Ce que la Cour suprême reproche au juge, ce n’est pas l’emploi du mot « femme », c’est d’avoir paru vouloir deviner la crédibilité de ce qu’« une femme » ressent en général.

Le mot « femme » apparaît 67 fois dans le jugement de la Cour suprême, qui ne dit aucunement qu’on doive le bannir au profit de « personne ayant un vagin ». L’expression est utilisée ici de manière semi-ironique pour exprimer l’idée que, quel que soit le sexe du témoin et quelle que soit la partie du corps dont on parle, on n’a pas besoin d’un expert pour déterminer si la sensation est vraisemblable ou non.

C’est donc en vérité un jugement qui promeut l’égalité des femmes et qui rappelle longuement les mythes et les préjugés sexistes dont les plaignantes ont été victimes devant les tribunaux dans les affaires de crimes sexuels.

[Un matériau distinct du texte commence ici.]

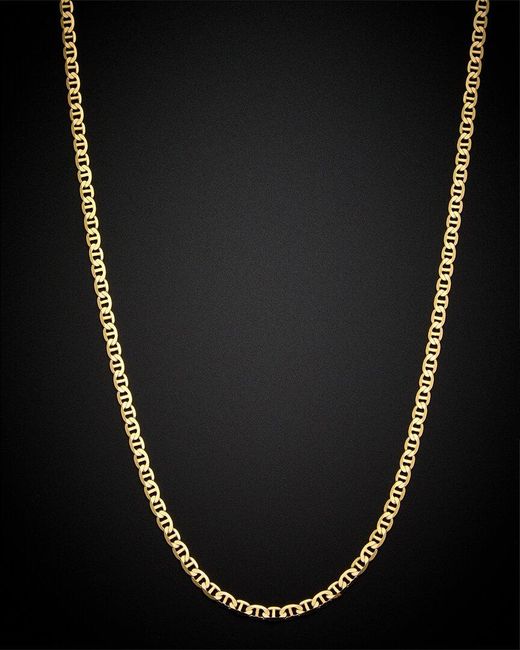 Italian Gold Black 14k Mariner Link Necklace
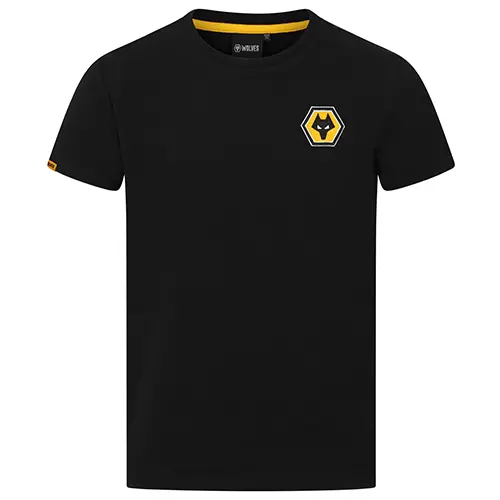 Wolverhampton Wanderers Shop | Essentials T-Shirt – Black – Junior Wolverhampton Wanderers Merchandise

On pourrait dire que c’est un jugement féministe.

Que Richard Martineau y voie une sorte de dérive wokiste qui fait disparaître les femmes, qu’il dise que c’est la faute de Justin Trudeau, qui a nommé cette juge (choisie par un comité de sélection présidé par une ex-première ministre conservatrice, en passant), qu’il soit back order de points d’exclamation, c’est dans l’ordre des choses.

Mais que la ministre de la Condition féminine, ex-journaliste, plante un jugement qu’elle n’a pas lu, jugement qui consiste précisément à défendre les droits des femmes, qu’elle lui fasse dire faussement qu’il invisibilise les femmes, c’est franchement désolant.

Quant au député libéral Morin, avocat de son état, qui ne cesse de dénoncer les attaques contre les tribunaux par le premier ministre ou d’autres, qu’il copilote cette motion tout croche, c’est pas fort. La motion suivante à l’agenda, qu’il a présentée lui-même, consistait justement à dénoncer les attaques injustifiées des politiciens envers les tribunaux…

Méchante de bonne idée, m’sieur le député.